Brega é um rótulo para um tipo de música que teve a pouca sorte de surgir depois da bossa-nova. Orestes Barbosa seria brega se escrevesse ” A lua é gema de ovo no copo azul lá do céu” depois de Ronaldo Bôscoli. Como Moisés no Mar Morto, os garotos de Ipanema separaram as águas do grande rio das canções e estabeleceram: algumas são de bom gosto, geralmente as feitas por pessoas brancas de formação universitária ou pessoas pretas de nenhuma formação. Outras, decidiram os bacanas ao balanço da garota que vem e que passa, outras são o fim, o lixo, coisa de pardos-suburbanos-ginasiais que ficaram no meio do caminho, sacolejando no vagão da SuperVia.

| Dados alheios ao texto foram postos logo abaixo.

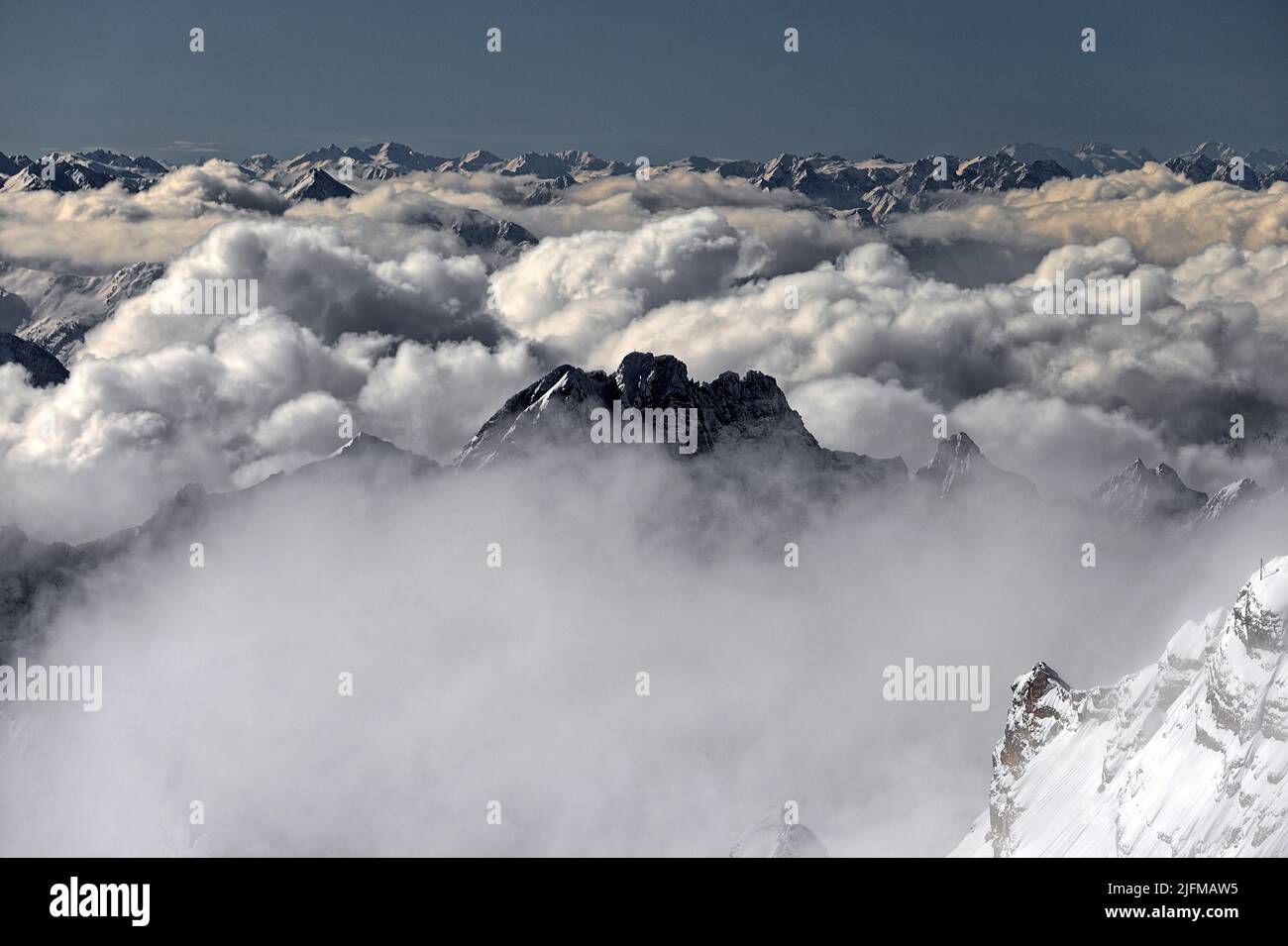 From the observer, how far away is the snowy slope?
4053 inches

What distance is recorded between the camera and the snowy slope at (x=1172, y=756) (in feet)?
338

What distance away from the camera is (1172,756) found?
122375 millimetres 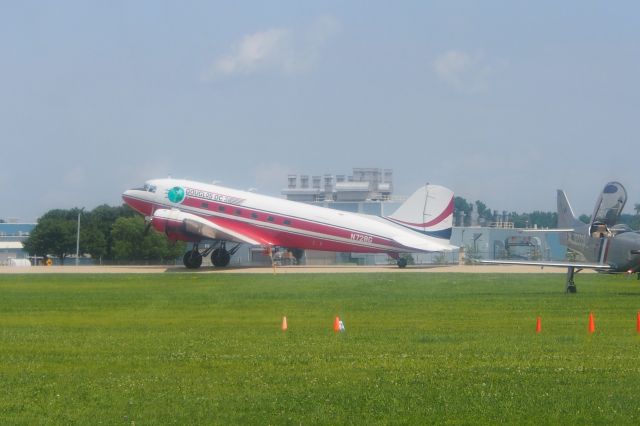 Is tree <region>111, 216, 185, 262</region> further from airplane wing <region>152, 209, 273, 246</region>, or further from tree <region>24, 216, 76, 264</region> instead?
airplane wing <region>152, 209, 273, 246</region>

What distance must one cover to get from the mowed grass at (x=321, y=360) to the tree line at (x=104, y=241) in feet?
216

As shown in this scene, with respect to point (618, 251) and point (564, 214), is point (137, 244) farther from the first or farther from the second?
point (618, 251)

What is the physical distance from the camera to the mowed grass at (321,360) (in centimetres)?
1301

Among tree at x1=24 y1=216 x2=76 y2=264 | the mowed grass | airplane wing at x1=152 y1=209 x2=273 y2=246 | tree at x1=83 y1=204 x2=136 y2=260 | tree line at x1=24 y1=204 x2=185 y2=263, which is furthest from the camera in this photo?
tree at x1=24 y1=216 x2=76 y2=264

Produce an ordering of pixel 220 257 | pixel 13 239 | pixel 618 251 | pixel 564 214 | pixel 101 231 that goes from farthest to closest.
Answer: pixel 13 239
pixel 101 231
pixel 220 257
pixel 564 214
pixel 618 251

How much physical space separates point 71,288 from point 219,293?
7764 millimetres

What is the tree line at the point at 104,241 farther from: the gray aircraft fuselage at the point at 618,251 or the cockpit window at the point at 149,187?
the gray aircraft fuselage at the point at 618,251

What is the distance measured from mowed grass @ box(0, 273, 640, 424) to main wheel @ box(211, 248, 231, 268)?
1046 inches

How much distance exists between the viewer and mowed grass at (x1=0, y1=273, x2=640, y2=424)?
1301 centimetres

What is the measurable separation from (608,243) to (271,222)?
2737 centimetres

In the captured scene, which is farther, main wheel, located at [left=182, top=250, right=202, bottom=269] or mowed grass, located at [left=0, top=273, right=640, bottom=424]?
main wheel, located at [left=182, top=250, right=202, bottom=269]

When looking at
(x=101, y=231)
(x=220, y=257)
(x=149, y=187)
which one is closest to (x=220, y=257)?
(x=220, y=257)

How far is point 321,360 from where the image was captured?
57.2 feet

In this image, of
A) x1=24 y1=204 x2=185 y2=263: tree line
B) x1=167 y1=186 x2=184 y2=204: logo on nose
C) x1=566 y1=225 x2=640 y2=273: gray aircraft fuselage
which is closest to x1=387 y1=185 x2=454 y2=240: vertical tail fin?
x1=167 y1=186 x2=184 y2=204: logo on nose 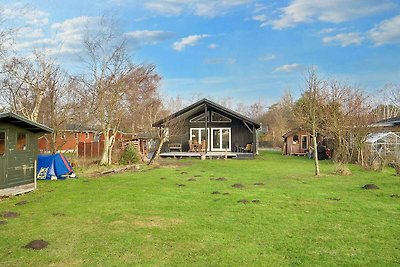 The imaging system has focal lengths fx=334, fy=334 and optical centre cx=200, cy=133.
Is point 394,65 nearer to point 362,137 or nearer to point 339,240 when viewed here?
point 362,137

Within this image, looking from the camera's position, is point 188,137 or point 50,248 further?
point 188,137

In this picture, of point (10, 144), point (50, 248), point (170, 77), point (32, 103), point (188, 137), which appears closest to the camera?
point (50, 248)

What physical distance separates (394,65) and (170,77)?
20.6 m

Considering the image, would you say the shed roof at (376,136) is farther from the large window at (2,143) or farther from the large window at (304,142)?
the large window at (2,143)

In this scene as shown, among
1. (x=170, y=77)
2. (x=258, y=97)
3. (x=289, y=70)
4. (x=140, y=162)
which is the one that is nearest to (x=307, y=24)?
(x=289, y=70)

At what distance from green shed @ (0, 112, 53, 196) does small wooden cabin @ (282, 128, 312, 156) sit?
23.1 m

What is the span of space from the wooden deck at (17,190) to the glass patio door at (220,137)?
752 inches

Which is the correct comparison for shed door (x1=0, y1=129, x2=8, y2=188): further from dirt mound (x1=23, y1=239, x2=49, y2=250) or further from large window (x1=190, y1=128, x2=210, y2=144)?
large window (x1=190, y1=128, x2=210, y2=144)

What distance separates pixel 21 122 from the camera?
34.9ft

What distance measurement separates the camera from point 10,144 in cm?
1048

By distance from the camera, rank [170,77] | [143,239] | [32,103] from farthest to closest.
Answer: [170,77]
[32,103]
[143,239]

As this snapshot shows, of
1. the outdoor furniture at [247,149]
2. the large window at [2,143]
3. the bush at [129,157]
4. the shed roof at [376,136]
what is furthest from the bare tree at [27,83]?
the shed roof at [376,136]

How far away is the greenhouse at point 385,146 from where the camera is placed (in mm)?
17547

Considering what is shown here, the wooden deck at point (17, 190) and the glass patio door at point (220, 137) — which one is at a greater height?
the glass patio door at point (220, 137) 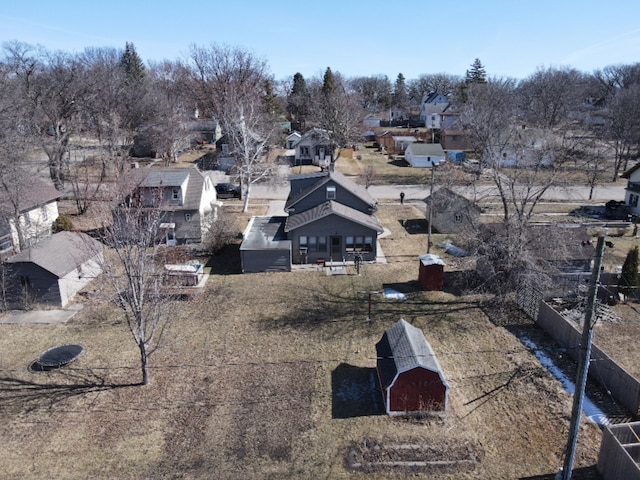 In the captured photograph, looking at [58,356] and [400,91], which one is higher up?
[400,91]

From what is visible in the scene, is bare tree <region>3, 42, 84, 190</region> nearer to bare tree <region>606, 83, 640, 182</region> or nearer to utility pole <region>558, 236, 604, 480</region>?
utility pole <region>558, 236, 604, 480</region>

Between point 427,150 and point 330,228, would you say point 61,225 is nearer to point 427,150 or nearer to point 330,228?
point 330,228

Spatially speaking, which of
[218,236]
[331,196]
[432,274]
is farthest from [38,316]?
[432,274]

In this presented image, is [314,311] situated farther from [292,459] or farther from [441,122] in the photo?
[441,122]

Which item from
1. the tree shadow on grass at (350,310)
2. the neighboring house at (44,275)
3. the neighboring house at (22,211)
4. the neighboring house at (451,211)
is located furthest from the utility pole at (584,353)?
the neighboring house at (22,211)

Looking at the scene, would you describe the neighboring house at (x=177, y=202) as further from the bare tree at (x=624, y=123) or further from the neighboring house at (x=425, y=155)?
the bare tree at (x=624, y=123)

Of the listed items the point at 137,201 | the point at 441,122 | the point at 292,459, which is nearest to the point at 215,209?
the point at 137,201

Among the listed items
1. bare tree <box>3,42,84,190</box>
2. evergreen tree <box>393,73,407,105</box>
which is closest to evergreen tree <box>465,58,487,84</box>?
evergreen tree <box>393,73,407,105</box> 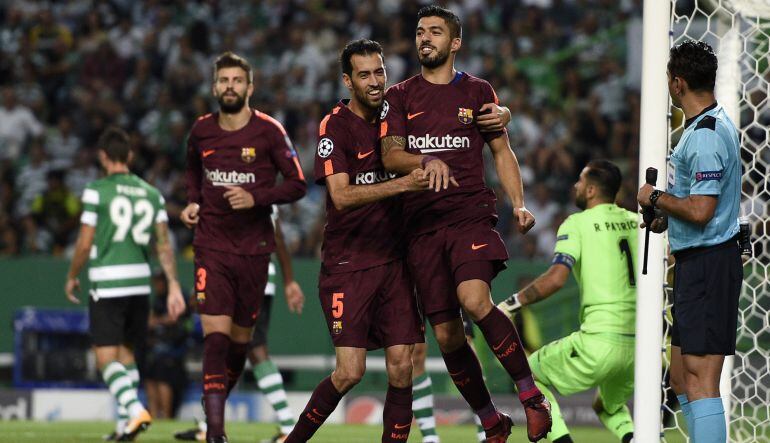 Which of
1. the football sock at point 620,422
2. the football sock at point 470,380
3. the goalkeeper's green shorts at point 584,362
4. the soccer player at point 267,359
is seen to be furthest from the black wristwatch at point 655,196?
the soccer player at point 267,359

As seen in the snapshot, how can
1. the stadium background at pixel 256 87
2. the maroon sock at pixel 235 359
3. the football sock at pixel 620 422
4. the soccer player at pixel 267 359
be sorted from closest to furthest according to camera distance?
the football sock at pixel 620 422 → the maroon sock at pixel 235 359 → the soccer player at pixel 267 359 → the stadium background at pixel 256 87

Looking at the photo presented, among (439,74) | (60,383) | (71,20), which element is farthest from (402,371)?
(71,20)

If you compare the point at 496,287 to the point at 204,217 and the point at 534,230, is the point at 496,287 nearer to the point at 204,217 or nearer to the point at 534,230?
the point at 534,230

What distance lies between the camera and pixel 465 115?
22.2 feet

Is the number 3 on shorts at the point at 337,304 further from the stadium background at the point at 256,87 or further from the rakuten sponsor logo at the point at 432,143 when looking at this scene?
the stadium background at the point at 256,87

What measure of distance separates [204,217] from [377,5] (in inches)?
419

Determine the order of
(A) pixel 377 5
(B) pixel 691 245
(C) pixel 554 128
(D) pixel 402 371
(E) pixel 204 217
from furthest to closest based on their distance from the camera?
1. (A) pixel 377 5
2. (C) pixel 554 128
3. (E) pixel 204 217
4. (D) pixel 402 371
5. (B) pixel 691 245

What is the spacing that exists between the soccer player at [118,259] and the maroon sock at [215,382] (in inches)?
57.7

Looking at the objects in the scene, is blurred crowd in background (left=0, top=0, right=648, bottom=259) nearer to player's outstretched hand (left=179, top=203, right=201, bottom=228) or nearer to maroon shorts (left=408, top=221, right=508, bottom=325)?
player's outstretched hand (left=179, top=203, right=201, bottom=228)

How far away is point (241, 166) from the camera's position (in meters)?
8.44

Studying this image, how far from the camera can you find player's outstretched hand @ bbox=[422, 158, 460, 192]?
6121 millimetres

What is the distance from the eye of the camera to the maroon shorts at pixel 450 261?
662 cm

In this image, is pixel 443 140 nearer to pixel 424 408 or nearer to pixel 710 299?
pixel 710 299

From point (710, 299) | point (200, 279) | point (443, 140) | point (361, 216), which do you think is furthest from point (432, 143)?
point (200, 279) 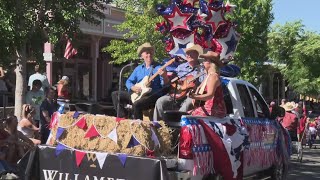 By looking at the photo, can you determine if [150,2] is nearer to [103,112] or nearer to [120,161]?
[103,112]

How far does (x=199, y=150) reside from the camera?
6.36 meters

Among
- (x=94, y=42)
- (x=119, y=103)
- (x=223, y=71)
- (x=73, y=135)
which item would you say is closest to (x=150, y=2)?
(x=94, y=42)

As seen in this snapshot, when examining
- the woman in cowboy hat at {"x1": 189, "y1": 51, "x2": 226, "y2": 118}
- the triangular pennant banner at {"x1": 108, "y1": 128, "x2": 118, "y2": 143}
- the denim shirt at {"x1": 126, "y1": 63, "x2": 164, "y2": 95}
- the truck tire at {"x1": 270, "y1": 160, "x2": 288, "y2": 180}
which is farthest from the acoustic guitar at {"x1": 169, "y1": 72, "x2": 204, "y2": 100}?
the truck tire at {"x1": 270, "y1": 160, "x2": 288, "y2": 180}

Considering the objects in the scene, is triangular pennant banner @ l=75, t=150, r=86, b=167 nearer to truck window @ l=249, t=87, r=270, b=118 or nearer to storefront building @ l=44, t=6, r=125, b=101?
truck window @ l=249, t=87, r=270, b=118

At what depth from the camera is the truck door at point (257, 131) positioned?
318 inches

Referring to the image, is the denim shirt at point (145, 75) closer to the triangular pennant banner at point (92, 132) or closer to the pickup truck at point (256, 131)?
the pickup truck at point (256, 131)

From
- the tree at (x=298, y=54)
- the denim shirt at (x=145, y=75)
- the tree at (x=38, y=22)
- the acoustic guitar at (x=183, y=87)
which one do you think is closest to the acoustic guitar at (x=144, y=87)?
the denim shirt at (x=145, y=75)

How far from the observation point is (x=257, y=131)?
8445 millimetres

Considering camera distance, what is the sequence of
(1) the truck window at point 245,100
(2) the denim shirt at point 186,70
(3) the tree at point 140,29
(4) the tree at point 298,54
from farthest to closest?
1. (4) the tree at point 298,54
2. (3) the tree at point 140,29
3. (1) the truck window at point 245,100
4. (2) the denim shirt at point 186,70

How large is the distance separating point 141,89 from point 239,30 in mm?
12597

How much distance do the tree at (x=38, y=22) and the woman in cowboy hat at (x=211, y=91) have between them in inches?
112

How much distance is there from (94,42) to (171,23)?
1366 cm

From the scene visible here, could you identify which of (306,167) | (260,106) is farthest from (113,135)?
(306,167)

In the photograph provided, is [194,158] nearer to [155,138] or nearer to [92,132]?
[155,138] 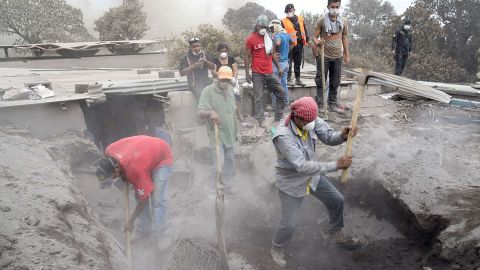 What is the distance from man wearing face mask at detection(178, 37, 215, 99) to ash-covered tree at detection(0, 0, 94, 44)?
22445 millimetres

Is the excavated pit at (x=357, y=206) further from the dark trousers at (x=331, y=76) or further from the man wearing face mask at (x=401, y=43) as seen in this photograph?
the man wearing face mask at (x=401, y=43)

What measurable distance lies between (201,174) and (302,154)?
335 centimetres

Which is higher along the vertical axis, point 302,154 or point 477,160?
point 302,154

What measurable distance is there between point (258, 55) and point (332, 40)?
1.42m

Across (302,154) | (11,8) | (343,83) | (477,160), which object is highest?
(11,8)

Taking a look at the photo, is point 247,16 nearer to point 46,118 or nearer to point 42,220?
point 46,118

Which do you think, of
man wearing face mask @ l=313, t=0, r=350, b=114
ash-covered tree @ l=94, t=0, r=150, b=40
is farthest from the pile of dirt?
ash-covered tree @ l=94, t=0, r=150, b=40

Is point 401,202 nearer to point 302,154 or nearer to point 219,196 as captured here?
point 302,154

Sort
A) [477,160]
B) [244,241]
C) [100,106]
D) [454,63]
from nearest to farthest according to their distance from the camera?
1. [244,241]
2. [477,160]
3. [100,106]
4. [454,63]

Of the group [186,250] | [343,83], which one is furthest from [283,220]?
[343,83]

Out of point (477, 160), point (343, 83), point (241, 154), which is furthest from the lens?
point (343, 83)

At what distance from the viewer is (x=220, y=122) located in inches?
212

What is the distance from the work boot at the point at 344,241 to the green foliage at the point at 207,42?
10.4 meters

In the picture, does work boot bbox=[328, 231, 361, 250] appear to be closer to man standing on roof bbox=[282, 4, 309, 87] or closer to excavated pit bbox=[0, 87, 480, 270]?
excavated pit bbox=[0, 87, 480, 270]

Uma vida só (Pare de tomar a pílula) – Odair José, de 1973 (com um clip engraçadinho)

Aliás, esta música foi uma das proibidas pela censura, numa época em que o governo fazia campanhas de controle de natalidade entre as populações pobres – cheirava a desobediência civil, um desafio ao neomalthusianismo que guiava os ideólogos da ditadura.

Só que, desde esta mesma década de 70, o muro deste apartheid começou a apresentar rachaduras, e o maior responsável por elas foi Roberto Carlos. Roberto gravou Antônio Marcos, Márcio Greik, Benito di Paula, Wando, e era habituée da dupla Maurício Duboc / Carlos Colla – e também gravou Dolores Duran, Caetano Veloso, Dorival Caymmi e a dupla Fagner e Belchior. E gravando uns e outros construiu uma sintaxe própria que se soma às suas próprias parcerias com Erasmo, com um fraseado particular e reconhecível à distância. O estrondoso sucesso de Roberto extrapolou classes sociais ao se legitimar em ambas, e tornou-se impossível de ser ignorado.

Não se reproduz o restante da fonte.